Exercise aim
Only lines containing the string "zdjęcie" belong in the answer; find them in the records and copy them.

(Data entries)
##########

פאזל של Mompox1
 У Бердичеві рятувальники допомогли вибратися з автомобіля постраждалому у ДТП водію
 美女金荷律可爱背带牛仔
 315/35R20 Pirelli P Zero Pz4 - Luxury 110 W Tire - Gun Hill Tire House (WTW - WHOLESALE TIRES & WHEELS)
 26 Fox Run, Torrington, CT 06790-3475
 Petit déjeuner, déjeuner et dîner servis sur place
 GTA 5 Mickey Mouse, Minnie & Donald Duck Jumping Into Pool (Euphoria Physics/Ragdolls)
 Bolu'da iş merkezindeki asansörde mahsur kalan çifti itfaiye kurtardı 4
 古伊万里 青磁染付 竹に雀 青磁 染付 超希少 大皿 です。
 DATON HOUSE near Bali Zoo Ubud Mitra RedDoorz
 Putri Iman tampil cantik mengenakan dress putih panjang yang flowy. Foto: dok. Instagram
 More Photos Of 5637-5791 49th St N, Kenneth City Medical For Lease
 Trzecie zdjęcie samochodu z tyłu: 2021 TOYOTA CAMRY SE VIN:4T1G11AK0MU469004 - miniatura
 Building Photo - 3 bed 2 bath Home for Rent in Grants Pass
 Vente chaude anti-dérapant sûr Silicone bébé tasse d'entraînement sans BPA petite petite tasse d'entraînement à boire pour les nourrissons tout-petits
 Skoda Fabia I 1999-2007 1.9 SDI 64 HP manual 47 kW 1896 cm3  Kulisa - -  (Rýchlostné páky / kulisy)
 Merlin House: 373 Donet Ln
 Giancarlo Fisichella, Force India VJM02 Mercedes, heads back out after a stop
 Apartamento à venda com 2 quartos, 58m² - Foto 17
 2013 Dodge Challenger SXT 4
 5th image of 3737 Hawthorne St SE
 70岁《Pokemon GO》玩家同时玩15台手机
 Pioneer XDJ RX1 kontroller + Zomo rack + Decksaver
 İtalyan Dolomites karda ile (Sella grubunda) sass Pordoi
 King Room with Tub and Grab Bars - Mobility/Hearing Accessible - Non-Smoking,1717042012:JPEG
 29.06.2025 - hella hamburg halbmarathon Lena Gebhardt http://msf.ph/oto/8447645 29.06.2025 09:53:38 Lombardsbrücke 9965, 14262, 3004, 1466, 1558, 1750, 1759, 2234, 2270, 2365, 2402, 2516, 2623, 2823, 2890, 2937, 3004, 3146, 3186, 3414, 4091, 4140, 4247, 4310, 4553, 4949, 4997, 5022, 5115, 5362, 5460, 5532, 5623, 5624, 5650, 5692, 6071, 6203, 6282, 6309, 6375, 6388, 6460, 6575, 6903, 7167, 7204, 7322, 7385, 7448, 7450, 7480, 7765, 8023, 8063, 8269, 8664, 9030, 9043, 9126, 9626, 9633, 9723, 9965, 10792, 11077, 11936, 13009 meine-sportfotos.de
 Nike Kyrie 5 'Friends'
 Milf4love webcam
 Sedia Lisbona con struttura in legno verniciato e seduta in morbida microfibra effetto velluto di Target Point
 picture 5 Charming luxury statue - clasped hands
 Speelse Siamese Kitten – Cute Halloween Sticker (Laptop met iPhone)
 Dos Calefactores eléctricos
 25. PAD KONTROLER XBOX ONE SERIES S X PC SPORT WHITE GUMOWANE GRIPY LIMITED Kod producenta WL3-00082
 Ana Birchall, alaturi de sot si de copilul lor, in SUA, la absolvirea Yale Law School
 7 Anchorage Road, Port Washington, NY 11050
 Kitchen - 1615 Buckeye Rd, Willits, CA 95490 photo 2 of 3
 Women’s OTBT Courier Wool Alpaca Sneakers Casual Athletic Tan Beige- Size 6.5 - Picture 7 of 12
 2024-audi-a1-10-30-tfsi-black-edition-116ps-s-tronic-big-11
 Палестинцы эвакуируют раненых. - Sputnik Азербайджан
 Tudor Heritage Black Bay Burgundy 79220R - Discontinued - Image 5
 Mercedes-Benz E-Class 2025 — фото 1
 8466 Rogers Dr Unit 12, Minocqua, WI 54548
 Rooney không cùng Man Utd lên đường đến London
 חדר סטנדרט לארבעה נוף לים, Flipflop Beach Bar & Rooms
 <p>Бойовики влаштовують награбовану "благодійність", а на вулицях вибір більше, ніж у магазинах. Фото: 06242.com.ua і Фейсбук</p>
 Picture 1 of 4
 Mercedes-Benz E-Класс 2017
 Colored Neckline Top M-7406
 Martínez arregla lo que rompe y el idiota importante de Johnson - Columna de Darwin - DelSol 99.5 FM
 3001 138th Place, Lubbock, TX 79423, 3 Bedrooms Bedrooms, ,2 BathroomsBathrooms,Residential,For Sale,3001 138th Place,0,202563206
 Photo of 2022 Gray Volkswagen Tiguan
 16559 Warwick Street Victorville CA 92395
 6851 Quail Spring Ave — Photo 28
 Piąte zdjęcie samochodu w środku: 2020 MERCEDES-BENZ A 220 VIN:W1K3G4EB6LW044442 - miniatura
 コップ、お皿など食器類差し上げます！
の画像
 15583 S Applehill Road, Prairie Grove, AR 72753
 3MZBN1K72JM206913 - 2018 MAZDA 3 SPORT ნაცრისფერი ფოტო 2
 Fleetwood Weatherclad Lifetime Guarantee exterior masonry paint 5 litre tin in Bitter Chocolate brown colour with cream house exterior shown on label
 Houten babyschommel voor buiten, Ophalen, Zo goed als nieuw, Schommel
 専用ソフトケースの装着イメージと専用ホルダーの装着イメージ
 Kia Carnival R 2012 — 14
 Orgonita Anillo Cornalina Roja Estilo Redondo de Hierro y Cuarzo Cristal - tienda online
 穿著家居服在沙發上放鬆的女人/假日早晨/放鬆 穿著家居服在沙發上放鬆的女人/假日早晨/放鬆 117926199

##########

Output below
 Trzecie zdjęcie samochodu z tyłu: 2021 TOYOTA CAMRY SE VIN:4T1G11AK0MU469004 - miniatura
 Piąte zdjęcie samochodu w środku: 2020 MERCEDES-BENZ A 220 VIN:W1K3G4EB6LW044442 - miniatura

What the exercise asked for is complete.